Think about Amazon. They operate a so-called multisided platform. Thousands of producers can offer their goods and many hundred million customers can buy. While the company Amazon also sells their own goods, they make more money from fees they charge external producers and sellers. In theory, everybody could profit, there could be equal opportunities for sellers, consumers, and Amazon: sellers get a huge customer base, consumers get cheaper prices due to competition among the producers. And Amazon takes a fee and profits when the other two parties profit.
But Amazon is a corporation that must maximise profit, and they can because they control the platform. Retail is a business that doesn’t produce great riches and Amazon has a high-cost structure. They use their power and reap the benefits of the network effects on their own. One example: external producers and shops sell novelty products on the platform. They carry the risk of creating sufficient demand for their products. Amazon waits and analyses which product sells well. Then they start selling it themselves, positioning it better than the smaller external sellers. They abuse their power and destroy sellers. Fewer sellers, less competition, higher prices. And in the end, the consumers get a bad deal as well.
This doesn’t happen because Amazon is evil. Every other company of their stature would do the same. All enterprises are created by humans, and humans follow incentives. Equality and fairness are not among Amazon’s incentives.
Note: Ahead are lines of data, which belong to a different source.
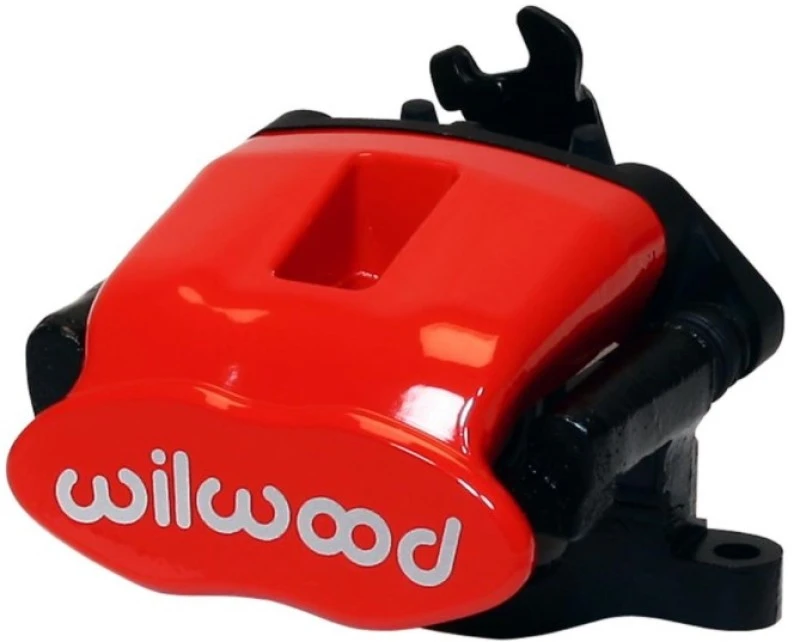 Wilwood Caliper-Combination Parking Brake-Pos 6-L/H-Red 41mm piston.81in Disc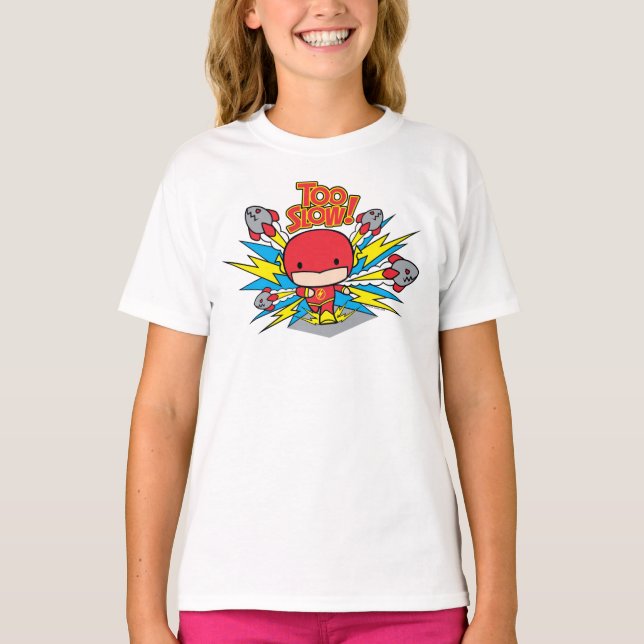 Chibi Flash Outrunning Rockets T-Shirt (Front)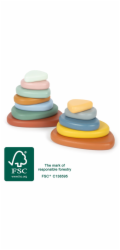 small foot Montessori říční kameny Balanční hra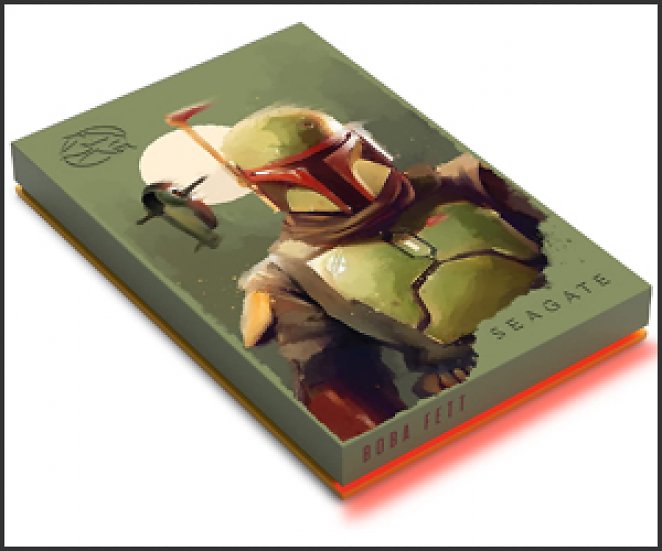 Seagate Firecuda Gaming HDD 2 TB, externe Festplatte, Star Wars Edition Boba Fett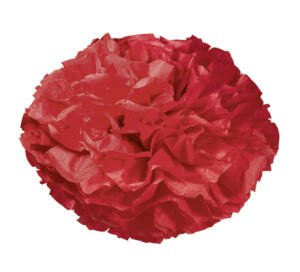 Ursus PAPER POMPONS,SEIDENP.20G.50x70CM,10BG.H.ROT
They will permit them it if they fit their needs for profit maximisation. But they will cut them when under pressure.
We want a platform and an economy where every participant is equal, where no one controls the benefits, where the experience gets better with every new participant. We want an economy where the Amazons of the world can participate, but not at the expense of everybody else.
We believe that the next iteration of the global economy will be based on cooperation. People are already getting angry at the most widely used platform in history: Facebook. This social network will very likely crumble and give way to one that doesn’t own our data, that doesn’t sell its users to the highest bidder. Facebook might not fall today, but they will certainly fall tomorrow when users get a better option.
Internet technology has brought marginal cost down to zero. Having 10 apps or 10 million apps in the Apple Appstore doesn’t make much difference cost wise, but Amazon, Facebook, Google, Airbnb, Uber and Apple still operate with 20th century thinking: he who controls the means of production shall reap the benefits. However, that is no longer true.
(Near) zero-cost production thanks to internet technology can result in fairer production and more equality. The internet changed the way we distribute information and knowledge. Now we can tackle the internet of money, changing the way we distribute wealth. We are just a few steps away from creating new economies. We want them to be cooperative and based on fairness and equal benefits.